Os planos de contingência abrangem a resposta a ser dada no caso de o governo israelense decidir anexar territórios na Cisjordânia, algo que, para muitos, representaria a sentença final de morte de uma solução de dois Estados.

Em sua campanha eleitoral, Netanyahu prometeu que, se vencesse a eleição, anexaria assentamentos israelenses na Cisjordânia, uma medida vista por boa parte da comunidade internacional como ilegal. É possível que ele também enfrente pressão de parceiros de direita na coalizão para aproveitar o tempo restante antes da próxima eleição nos Estados Unidos.

Um plano de paz que preveja o direito de soberania de Israel sobre certas áreas da Cisjordânia pode reforçar os chamados dos setores que defendem a anexação.

Se Israel levar as anexações adiante, a administração americana analisará “quais seriam as melhores maneiras de alcançar os resultados que acreditamos ser os melhores interesses dos EUA e de Israel”, disse Pompeo.

Quando um participante perguntou se há algum esforço sendo feito para conseguir a adesão dos palestinos ao plano, Pompeo respondeu que “todo o mundo encontrará algo para odiar na proposta”, mas que todos, incluindo os palestinos, “verão que ele traz algo a partir do qual é possível construir mais”.
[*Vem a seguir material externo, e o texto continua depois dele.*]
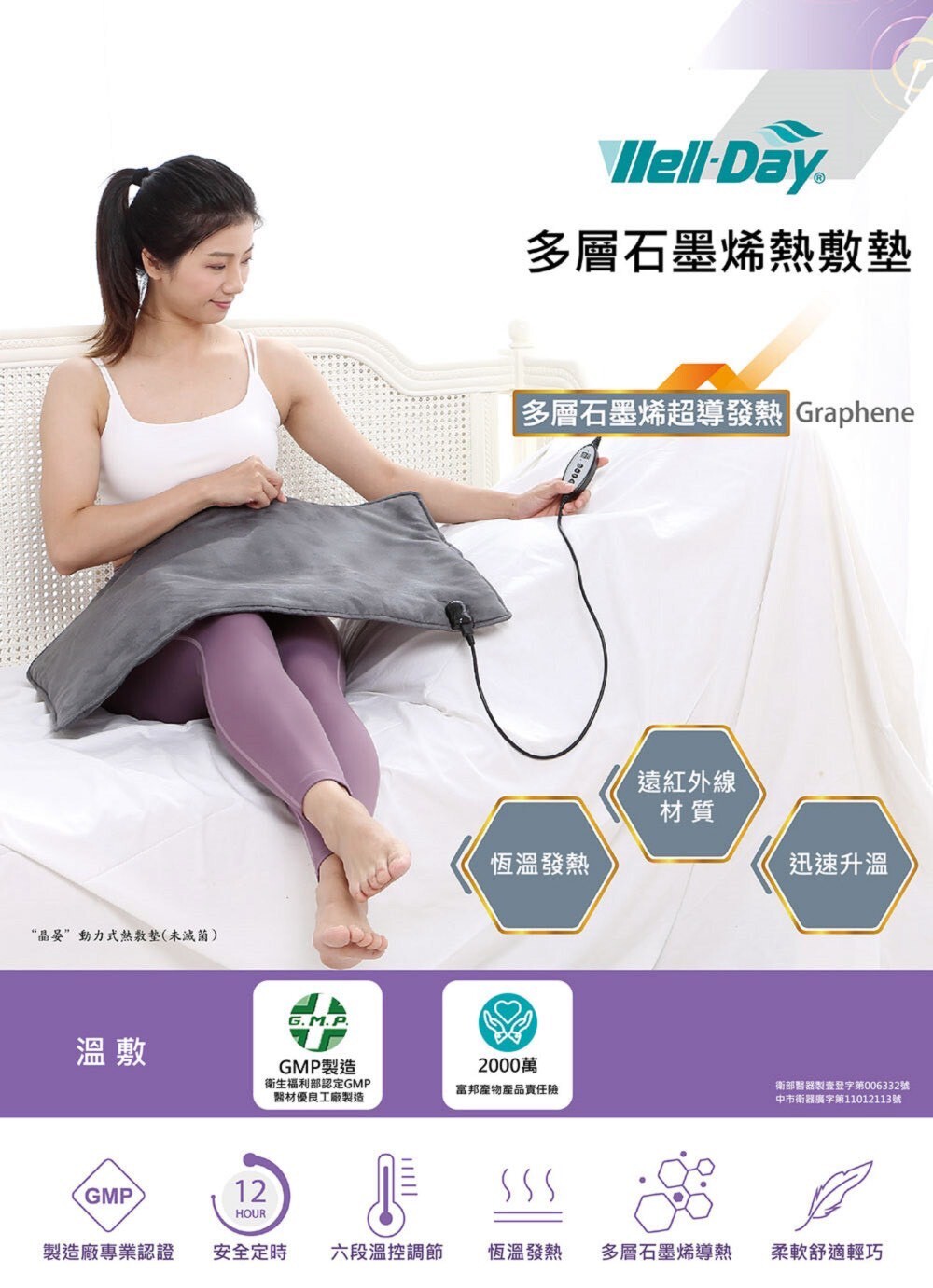 晶晏 動力式多層石墨烯 熱敷墊(特價$2,880)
Autoridades palestinas enxergam o plano da Casa Branca como sendo inevitavelmente enviesado contra os palestinos.

Em discurso transmitido recentemente pela Palestine TV, o presidente da Autoridade Palestina, Mahmoud Abbas, disse que o “acordo do século” e a cúpula econômica próxima no Bahrein organizada pela administração Trump para os palestinos podem “ir para o inferno”.

O objetivo da cúpula no Bahrein é angariar apoio ao componente econômico do plano de paz da administração, sem se deixar atolar nas disputas territoriais, mais contenciosas

Abbas disse que as autoridades palestinas vão boicotar a cúpula.
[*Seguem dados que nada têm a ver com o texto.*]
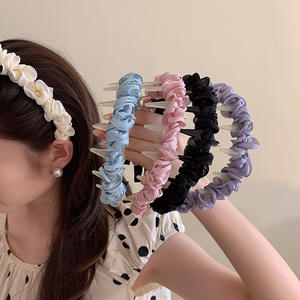 Diadema Antideslizante de Color Sólido con Diseño de Dientes, Diadema Plegable para Mujer - Product Image 1
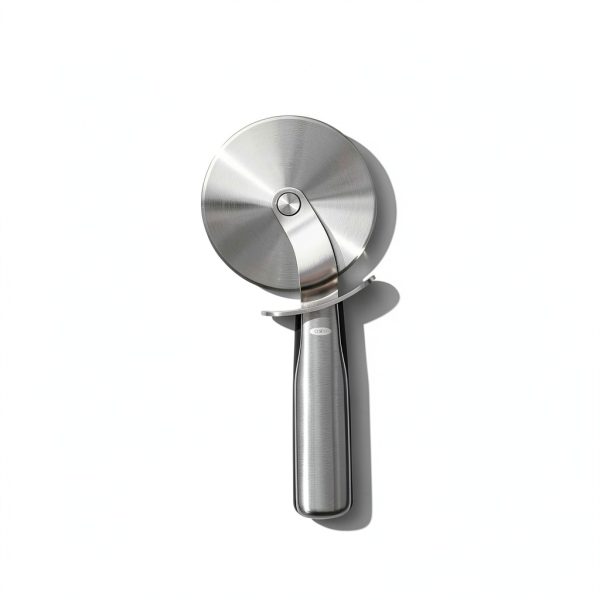 OXO Pizza Cutter Stainless Steel Wheel Safe Thumb Guard-4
Pompeo disse que, se o Kuait participar da cúpula, todos os Estados do Golfo Pérsico estarão representados no Bahrein, “pelo menos para ouvir”. Ele disse que seria difícil esperar que os países do Golfo manifestassem apoio pleno ao processo quando ainda não tiveram acesso ao plano na íntegra.

Críticos da abordagem da administração Trump chamaram a atenção para o fato de que a cúpula econômica não está sendo promovida em conjunto com discussões políticas.

“Não dá para discutir desenvolvimento econômico sério sem resolver as questões de segurança e políticas que permitem a atuação de investidores, o crescimento econômico interno e o emprego”, disse Miller.